When realizing you are about to go through a divorce, your mind is overwhelmed with the many decisions you now face. To make matters worse, many men find themselves being “told” to move out of the marital home. As a divorce coach and a woman, I cringe when I hear this from clients. Why? Because oftentimes, men feel powerless and vulnerable, and to minimize the conflict and possibly save the marriage, they will move out to satisfy their wives. However, this could be a mistake going forward in the divorce. I hope that men will do the research & consult with an attorney BEFORE making this decision. Gentlemen, please know that you have just as many rights to the home as your wife does!!  I’m going to break down the pros & cons of whether moving out of the home is a good idea or not.

Let’s begin with why you may consider staying in the home:

  • Custody issues:  In many states, the parent who moves out may have their custody of the children affected. When you are living in the same home, you have daily interactions with your children. If you were to move out, you will most likely spend less time with your children. It’s imperative that you have an agreed-upon (and preferably) court-ordered parenting plan in place before moving out. If you don’t have scheduled and evenly split time with the children, this may lead to expensive payments and issues gaining equal shared custody after the divorce. Also, keep in mind, that you may find yourself stuck with the child support payments before the divorce is finalized if you have less overnight time with the kids.
  • Avoid financial issues:  Can you afford to keep two households afloat? If you’re the higher-earning spouse, you may find yourself in a situation where you must support two households during your divorce process. Some states may issue a “status quo order” which requires the primary earner (whoever pays most of the utilities, mortgage, and bills) to continue paying the marital bills as they did before the divorce, hence, now you may find yourself paying for two households! This can be a devastating financial blow on top of legal fees. Staying in the home may save you money while going through the process.
  • Having access to personal belongings: By sticking it out in the home, you won’t lose your access to your personal belongings and important records. If you stay, you’ll be able to keep an eye on your treasured belongings and not worry about them being thrown out. Sadly, I’ve had many clients return to the family home to collect their belongings only to find they no longer have their family albums, stamp collections, bikes, etc. left.

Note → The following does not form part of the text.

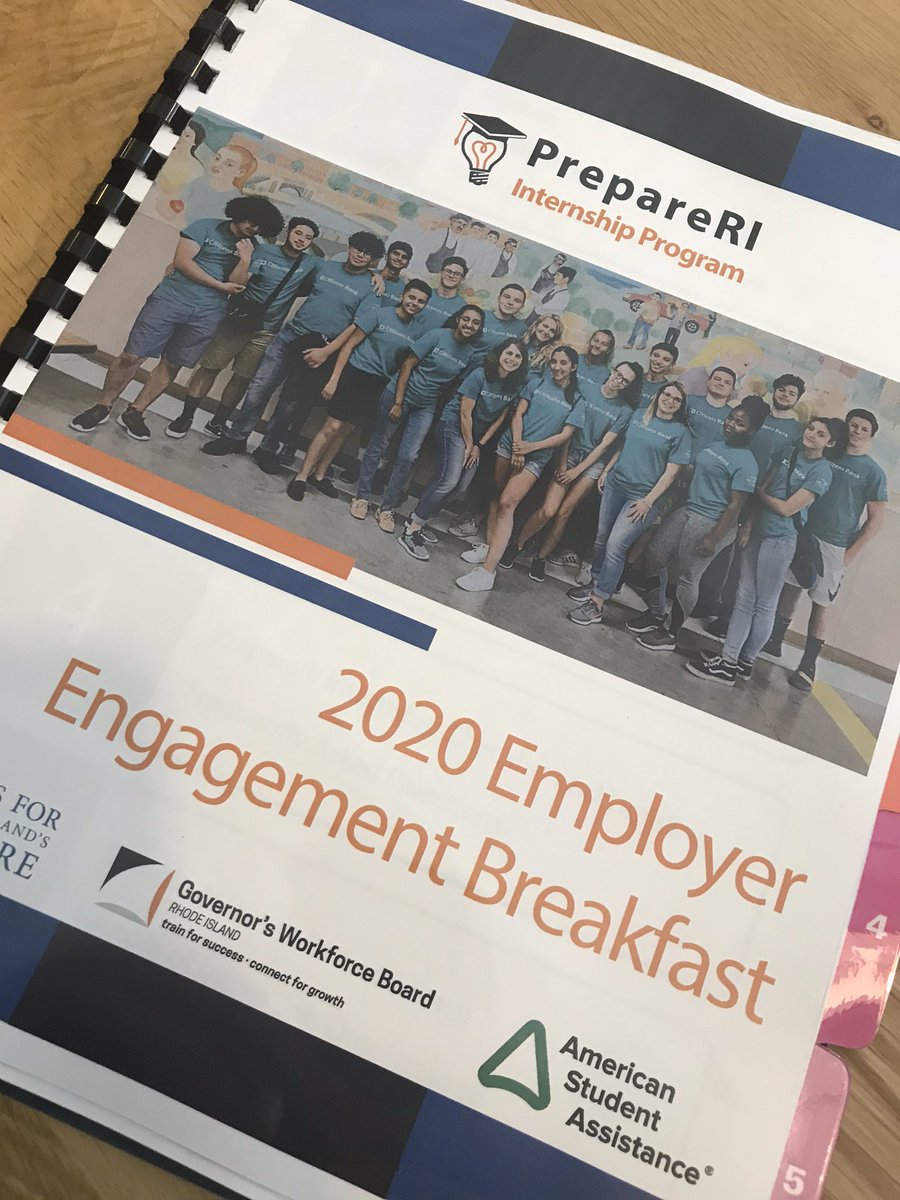 nurturedelc's tweet photo. We had a great morning with @prepare_ri - weโre excited to host more interns this summer! We are excited to work with more interns this year, at our home office, @kidsklubri, #ddcsmithfield, and #ddcpawtucketthornley!
@skillsforri #prepareri #prepareri2020 #highschoolinterns https://t.co/40C8yprjZo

Now, let’s look at why you may consider moving out during the divorce:

  • Safety always comes first: If you are experiencing domestic violence (yes, men are victims too), leaving the home may be the safest thing to do for you and your children. If you have children, you should seek and obtain a court order for temporary custody as soon as possible to avoid accusations of kidnapping. If you’re in an abusive situation, please consult with an attorney!
  • You won’t lose your property rights:  In most states, the marital home is typically your most valuable asset that will be split during the property distribution process. If you feel you must leave, it should not affect your interest in the house.
  • You can minimize conflict: Even in the best scenarios, emotions are running high when the decision to divorce has been made. When couples are living under the same roof and seeing each other day and night during this process, it may lead to conflict and heated arguments, and this could hinder and complicate your divorce case. I’ve seen bad situations become far worse with heated arguments and most likely your children will be exposed to this too. Moving out might be a good way to make the process easier on yourself and preserve your mental health.
  • Separate and Apart laws: In some states, couples must live” separate and apart” for a period before they can file for divorce or before a judge can finalize a divorce. It may be possible to satisfy this requirement when living under the same roof, but usually, “separate and apart” means you cannot share a home.

For the couples who can communicate civilly during this time, some short-term options can ease the financial and parenting problems such as:

  • “Nesting:” This is when children remain in the family home and each parent lives there for alternating periods such as a week at a time. Oftentimes, spouses stay with friends or family nearby or if the budget will allow for renting a small apartment that the spouses can share. This way the children have the stability of staying in the same home, school, and activities, as the parents rotate in and out.
  • House splitting: If your home is big enough, you may be able to divide the house into separate occupancy areas. You and your spouse can then either share the common areas or plan a schedule for use of them.

Deciding whether to move out during your divorce is not an easy decision, which is why I hope you take the time necessary to make the best decision for yourself and your children.